Passou. Nos dias seguintes, como de infeliz costume, algumas outras situações desconfortáveis como essa aconteceram. Não era permitido encostar no parapeito, não era possível chegar perto e decentemente enxergar desenhos – já devidamente protegidos por vidros – por conta das listras amarelas que limitavam meu percurso na exposição, não era autorizado sentar num sofá-obra (mesmo sendo a obra o ato de sentar!) porque “simplesmente não é permitido”, não se podia sentar à beira do dique para contemplar o Marulho, etc., etc., etc. Vários foram os “nãos” ouvidos; e a cada um aumentava a ironia da idéia de que arte e liberdade caminham de mãos dadas.
De “não” em “não” cheguei ao Museu da Língua Portuguesa, já em meus últimos suspiros de paciência e já com alguma saliva gasta em discussões inúteis com monitores que, em última instância, justificavam suas proibições com um simples “é a regra”. Eis que lá, num museu de língua – onde, teoricamente, tudo é imaterial –, me era permitido e, inclusive, incentivado, tocar em tudo! Descobri, ao lado da regrada Pinacoteca (onde levei alguns injustos esporros monitorais), um paraíso da liberdade! Ali, tão pertinho, o exato oposto: a idéia de que arte sugere – e, por conseguinte, deve criar formas de suportar – movimento, indagação, participação e, só para enfatizar, liberdade.
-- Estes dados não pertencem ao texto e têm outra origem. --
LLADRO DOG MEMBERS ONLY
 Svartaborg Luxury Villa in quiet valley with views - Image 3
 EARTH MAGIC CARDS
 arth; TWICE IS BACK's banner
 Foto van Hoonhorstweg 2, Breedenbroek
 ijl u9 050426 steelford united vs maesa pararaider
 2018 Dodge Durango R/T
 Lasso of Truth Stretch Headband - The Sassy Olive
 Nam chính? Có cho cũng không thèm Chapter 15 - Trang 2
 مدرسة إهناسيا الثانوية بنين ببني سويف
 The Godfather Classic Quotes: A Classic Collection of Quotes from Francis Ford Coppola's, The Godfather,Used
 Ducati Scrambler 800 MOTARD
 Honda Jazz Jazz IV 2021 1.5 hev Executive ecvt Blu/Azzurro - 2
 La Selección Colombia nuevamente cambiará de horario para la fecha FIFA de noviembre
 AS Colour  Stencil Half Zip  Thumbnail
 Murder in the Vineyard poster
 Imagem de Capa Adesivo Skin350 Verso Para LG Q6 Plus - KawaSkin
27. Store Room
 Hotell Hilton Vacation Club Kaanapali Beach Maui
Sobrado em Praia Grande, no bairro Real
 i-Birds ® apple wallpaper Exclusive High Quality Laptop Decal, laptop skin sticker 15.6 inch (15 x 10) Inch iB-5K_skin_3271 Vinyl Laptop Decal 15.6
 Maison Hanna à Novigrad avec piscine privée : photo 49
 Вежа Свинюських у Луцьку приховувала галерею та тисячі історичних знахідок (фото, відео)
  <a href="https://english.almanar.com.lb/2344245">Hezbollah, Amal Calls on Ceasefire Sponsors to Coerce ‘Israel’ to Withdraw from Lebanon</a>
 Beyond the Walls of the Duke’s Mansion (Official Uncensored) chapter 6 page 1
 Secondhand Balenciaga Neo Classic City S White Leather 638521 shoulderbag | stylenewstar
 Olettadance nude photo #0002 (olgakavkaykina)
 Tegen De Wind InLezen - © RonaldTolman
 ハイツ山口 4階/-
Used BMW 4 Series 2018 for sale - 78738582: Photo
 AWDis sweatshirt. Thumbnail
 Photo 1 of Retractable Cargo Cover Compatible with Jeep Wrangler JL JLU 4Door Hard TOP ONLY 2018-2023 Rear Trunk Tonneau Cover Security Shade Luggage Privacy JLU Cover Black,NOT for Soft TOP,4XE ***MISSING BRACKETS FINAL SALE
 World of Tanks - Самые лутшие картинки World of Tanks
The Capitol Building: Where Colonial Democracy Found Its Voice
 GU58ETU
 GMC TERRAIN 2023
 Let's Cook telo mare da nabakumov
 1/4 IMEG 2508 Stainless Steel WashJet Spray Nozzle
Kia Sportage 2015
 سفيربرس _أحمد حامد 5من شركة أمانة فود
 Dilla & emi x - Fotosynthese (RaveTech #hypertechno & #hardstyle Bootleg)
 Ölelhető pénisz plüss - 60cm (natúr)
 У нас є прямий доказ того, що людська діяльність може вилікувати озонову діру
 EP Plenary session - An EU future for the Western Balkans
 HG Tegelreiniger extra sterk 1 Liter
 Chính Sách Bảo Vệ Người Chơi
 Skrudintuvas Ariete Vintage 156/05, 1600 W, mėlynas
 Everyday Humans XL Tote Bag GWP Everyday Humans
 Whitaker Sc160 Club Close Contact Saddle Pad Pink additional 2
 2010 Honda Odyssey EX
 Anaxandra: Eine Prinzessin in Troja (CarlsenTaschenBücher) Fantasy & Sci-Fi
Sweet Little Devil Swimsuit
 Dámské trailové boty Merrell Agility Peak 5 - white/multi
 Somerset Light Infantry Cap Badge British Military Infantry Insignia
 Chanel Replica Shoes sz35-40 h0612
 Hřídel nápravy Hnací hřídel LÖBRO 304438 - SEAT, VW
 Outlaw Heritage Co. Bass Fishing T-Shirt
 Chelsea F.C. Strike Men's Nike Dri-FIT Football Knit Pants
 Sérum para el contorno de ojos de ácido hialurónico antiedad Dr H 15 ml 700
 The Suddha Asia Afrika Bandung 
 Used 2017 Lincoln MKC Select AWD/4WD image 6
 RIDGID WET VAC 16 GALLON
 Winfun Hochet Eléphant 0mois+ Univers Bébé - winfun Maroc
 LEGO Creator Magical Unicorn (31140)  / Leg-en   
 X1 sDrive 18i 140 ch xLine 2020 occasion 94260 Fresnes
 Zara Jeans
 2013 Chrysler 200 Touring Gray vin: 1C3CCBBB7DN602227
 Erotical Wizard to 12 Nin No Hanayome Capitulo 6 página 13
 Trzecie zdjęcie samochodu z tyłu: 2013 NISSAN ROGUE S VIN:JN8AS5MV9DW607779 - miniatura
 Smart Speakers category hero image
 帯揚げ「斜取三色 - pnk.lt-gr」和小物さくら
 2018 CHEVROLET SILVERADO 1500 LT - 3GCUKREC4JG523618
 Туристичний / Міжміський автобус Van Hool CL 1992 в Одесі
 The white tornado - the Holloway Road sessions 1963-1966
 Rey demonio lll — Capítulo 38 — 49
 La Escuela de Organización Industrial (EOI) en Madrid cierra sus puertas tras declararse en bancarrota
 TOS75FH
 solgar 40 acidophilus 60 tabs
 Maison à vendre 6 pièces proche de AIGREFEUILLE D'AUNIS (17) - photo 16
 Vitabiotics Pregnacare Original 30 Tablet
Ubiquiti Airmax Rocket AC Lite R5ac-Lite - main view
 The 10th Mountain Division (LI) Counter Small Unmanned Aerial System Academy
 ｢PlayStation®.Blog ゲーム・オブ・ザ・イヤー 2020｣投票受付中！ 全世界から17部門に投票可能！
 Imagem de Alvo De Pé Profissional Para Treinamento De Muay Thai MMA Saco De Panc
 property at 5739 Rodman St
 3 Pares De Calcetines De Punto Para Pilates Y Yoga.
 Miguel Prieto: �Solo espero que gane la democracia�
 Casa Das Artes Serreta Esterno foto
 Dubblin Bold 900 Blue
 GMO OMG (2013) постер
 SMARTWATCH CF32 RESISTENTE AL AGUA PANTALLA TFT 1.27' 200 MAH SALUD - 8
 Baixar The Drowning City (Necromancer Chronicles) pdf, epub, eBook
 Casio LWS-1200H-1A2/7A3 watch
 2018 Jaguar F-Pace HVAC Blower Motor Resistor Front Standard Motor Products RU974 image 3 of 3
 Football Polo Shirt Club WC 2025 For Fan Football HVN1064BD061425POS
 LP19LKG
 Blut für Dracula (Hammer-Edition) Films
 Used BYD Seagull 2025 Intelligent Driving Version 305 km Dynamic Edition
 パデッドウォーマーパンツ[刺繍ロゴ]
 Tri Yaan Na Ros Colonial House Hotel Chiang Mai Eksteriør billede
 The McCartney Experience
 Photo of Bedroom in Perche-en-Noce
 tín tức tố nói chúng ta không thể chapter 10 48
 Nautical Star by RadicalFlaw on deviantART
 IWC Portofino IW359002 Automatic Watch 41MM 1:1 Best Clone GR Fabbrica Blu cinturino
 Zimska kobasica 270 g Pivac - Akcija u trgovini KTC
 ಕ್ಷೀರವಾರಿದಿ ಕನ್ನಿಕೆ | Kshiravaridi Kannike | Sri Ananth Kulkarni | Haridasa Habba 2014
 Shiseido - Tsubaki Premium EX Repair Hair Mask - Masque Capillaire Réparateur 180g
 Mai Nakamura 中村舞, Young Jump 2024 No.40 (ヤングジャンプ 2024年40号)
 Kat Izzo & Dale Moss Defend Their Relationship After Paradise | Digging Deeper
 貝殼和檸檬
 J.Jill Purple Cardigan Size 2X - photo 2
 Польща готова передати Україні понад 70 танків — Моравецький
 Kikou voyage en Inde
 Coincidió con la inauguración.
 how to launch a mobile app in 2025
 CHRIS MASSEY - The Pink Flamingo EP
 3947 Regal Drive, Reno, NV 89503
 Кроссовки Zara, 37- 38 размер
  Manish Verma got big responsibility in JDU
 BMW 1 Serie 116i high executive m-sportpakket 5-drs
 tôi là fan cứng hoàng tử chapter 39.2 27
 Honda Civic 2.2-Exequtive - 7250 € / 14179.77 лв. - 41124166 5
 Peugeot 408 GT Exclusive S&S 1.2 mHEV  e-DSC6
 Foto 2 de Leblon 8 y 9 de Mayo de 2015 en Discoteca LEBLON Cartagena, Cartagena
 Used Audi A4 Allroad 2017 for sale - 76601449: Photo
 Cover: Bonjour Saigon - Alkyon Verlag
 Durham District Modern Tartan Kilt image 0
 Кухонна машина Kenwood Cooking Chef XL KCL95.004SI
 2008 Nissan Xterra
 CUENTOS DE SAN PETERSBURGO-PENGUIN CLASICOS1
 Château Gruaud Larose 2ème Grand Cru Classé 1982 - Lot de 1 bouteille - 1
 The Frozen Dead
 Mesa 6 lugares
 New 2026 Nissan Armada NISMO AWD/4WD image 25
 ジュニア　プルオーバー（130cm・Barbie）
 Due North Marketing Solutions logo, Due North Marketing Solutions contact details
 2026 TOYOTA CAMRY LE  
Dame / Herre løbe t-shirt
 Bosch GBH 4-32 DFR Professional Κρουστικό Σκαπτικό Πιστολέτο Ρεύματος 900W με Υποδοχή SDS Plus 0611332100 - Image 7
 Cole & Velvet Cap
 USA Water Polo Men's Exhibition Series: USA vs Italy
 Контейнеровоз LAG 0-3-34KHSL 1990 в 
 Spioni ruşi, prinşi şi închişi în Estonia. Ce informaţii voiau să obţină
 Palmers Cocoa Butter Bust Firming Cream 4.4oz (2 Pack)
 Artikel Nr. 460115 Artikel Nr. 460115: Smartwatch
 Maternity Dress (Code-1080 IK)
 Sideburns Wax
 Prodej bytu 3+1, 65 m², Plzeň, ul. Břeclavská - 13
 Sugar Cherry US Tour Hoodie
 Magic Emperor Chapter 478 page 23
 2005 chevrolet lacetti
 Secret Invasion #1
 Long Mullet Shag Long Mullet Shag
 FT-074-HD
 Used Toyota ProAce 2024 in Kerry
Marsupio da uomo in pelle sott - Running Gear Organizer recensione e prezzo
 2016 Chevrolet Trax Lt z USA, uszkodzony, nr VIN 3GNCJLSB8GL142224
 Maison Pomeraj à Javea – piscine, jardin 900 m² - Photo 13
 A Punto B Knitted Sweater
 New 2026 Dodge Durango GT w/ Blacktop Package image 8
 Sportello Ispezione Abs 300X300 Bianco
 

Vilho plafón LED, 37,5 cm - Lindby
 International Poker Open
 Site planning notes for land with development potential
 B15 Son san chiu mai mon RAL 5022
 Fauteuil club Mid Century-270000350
Como se já não me bastasse a alegria de poder interagir, no último andar daquele museu, durante um “espetáculo audiovisual” acerca da nossa língua, foi possível também me emocionar ao ver como, ao final do “espetáculo”, dezenas de crianças se jogaram – em total liberdade – sobre frases iluminadas que surgiam do chão. Aquela cena instantaneamente arrancou de mim lágrimas que senti reprimidas durante toda a minha expedição de artes visuais pela paulicéia. Se na Bienal e similares a atmosfera de vigília imperava sobre a do prazer, no Museu da Língua Portuguesa a relação era inversa. O último despertava desejo; os primeiros, receios. Para freqüentar a Bienal é preciso noções de etiqueta, mas para se sentir à vontade no Museu da Língua basta o interesse.
Deixei São Paulo com raiva da moral das artes visuais. Revoltada com a museografia, com a museologia, a curadoria e todos os que definem as regras do que é e do que não é permitido numa exposição de arte. Indignada por ver tantas obras eletrizantes engessadas por instituições incapazes de manter vivas as intenções artísticas. Essas sim – as instituições brochantes –, e não eu e as criancinhas, é que deveriam ser obrigadas a assinar atestados de responsabilidade sobre a vida das obras que vão matando aos poucos. Atestados bem grandes e complexos, aplicados por trezentos e cinqüenta bombeiros fortes e bravos, que é para que elas nunca se esqueçam do quão é desagradável a sensação de ter seus instintos reprimidos em nome de uma etiqueta displicente e preguiçosa.